Whoever had the idea of storing an image (or other binary document) in a database is not someone I'm very happy with. Databases are meant for storage of [mostly?] INDEXABLE, DISCRETE data. Not BLOBs of meaningless binary data. If you've worked with BLOBs for binary data first-hand, you already know this.

You should store a reference to the file in the filesystem. Best practice of which is a filename, not an absolute (or even relative) path.

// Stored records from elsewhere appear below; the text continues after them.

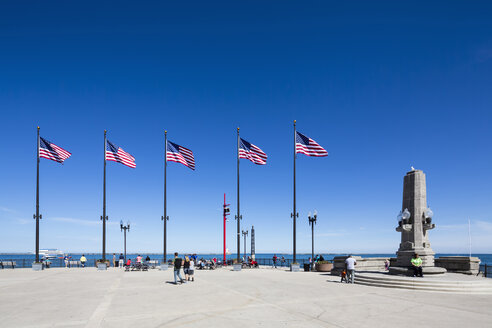 USA, Illinois, Chicago, Flaggen am Navy Pier am Michigansee - FOF007142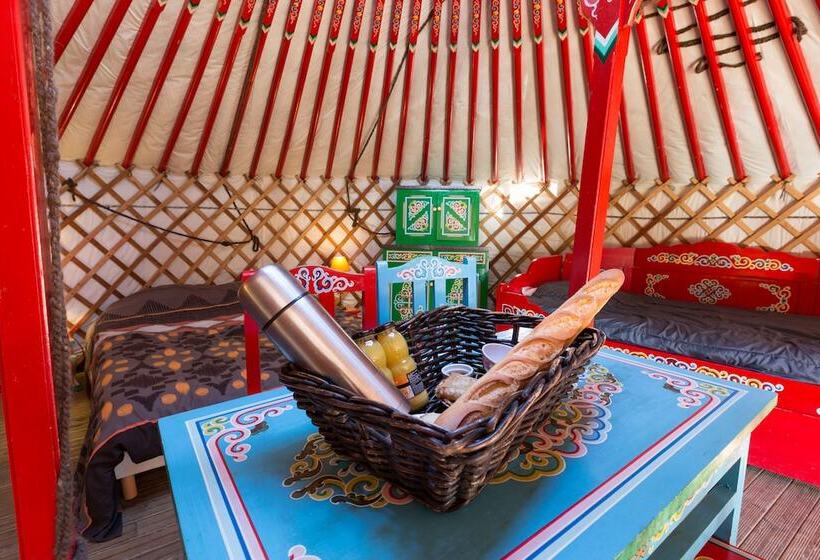 Отель Village De Yourtes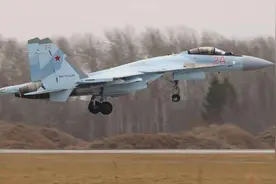 看不上歼10C，剑走偏锋出口歼15也可行！伊空军让我们打开新思路图片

Fernyak answered 2/5, 2014 at 2:35 Comment(3)
As far as "SELECT *" goes, I think in most circumstances its reasonable. I built an ORM that uses it all over, but you can override that. And if you're really concerned about performance, you can bypass the ORM completely and use the query builder the ORM uses behind the scenes. The point is that this conversation has nothing to do with "SELECT * ...". It has to do with sound database design.Fernyak
How do you retrieve file if only file name is stored not the path? Would you have a folder where all files would be put? What if there are millions of files in my db?Renter
In the config somewhere in the application, you should store the path to the directory where the files are stored. If you are worried about having too may files in the same directory, build the path dynamically. Usually you can use an ID for this, such as /path/to/files/{ID here}/filename.ext. You only need to store the filename.Fernyak
E
2

Isn't this exactly what LOBs or CLOBs or .... were designed for?

We used CLOBs to store large encryptions of credit card card transactions for a major airline system.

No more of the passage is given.